La squadra aveva infatti ottenuto il massimo punteggio nelle prime tre uscite, superando in ordine Monza, Cagliari e Napoli. In particolare, il successo contro i partenopei è arrivato in rimonta, un segnale di carattere e determinazione per il gruppo. Questo impegno di campionato è seguito alla trasferta europea, dove l’Inter ha subito una sconfitta al Santiago Bernabéu contro il Real Madrid in Champions League. La partita contro l’Udinese ha rappresentato quindi un’occasione per una reazione immediata. In vista della sfida, si era ipotizzato un moderato turnover nella formazione iniziale per gestire le energie.
Dall’altra parte, l’Udinese è arrivata a Milano con un bilancio più incerto in campionato. I bianconeri avevano raccolto una vittoria contro il Monza, un pareggio con il Como e una sconfitta contro la Lazio. Un andamento altalenante che però non rispecchiava il percorso fatto in Coppa Italia, dove la squadra aveva superato due turni vincendo contro Padova e Venezia, guadagnandosi l’accesso agli ottavi di finale dove avrebbe sfidato l’Atalanta.
La partita aveva anche il sapore di una rivincita per l’Inter, considerando i precedenti della stagione passata. L’Udinese era infatti riuscita a imporsi nella gara d’andata, un risultato che i friulani speravano di poter replicare per creare un’altra sorpresa. La sfida rappresentava quindi un test significativo per entrambe le formazioni, con motivazioni diverse ma ugualmente forti.
La direzione della gara è stata affidata all’arbitro Luca Pairetto della sezione di Nichelino. I suoi assistenti sono stati Daisuke Emanuele Yoshikawa e Christian Moro.
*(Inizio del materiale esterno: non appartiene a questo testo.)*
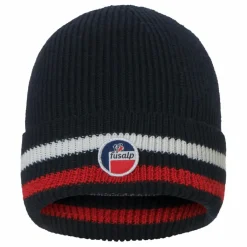 Enfant Fusalp Accessoires De Mode*Bonnet Kelt |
Il ruolo di quarto uomo è stato ricoperto da Lorenzo Colombo. Al VAR hanno operato Maurizio Mariani, con l’assistenza di Francesco Gariglio (AVAR). Una designazione completa per un match di alta importanza per la classifica.
Per gli appassionati che non hanno potuto assistere alla partita allo stadio, l’incontro è stato trasmesso in diretta televisiva. La copertura dell’evento è stata garantita in co-esclusiva da DAZN, attraverso la sua piattaforma streaming, e da Sky, sui canali dedicati allo sport. Il fischio d’inizio è stato dato alle ore 20:45 di lunedì 14 settembre.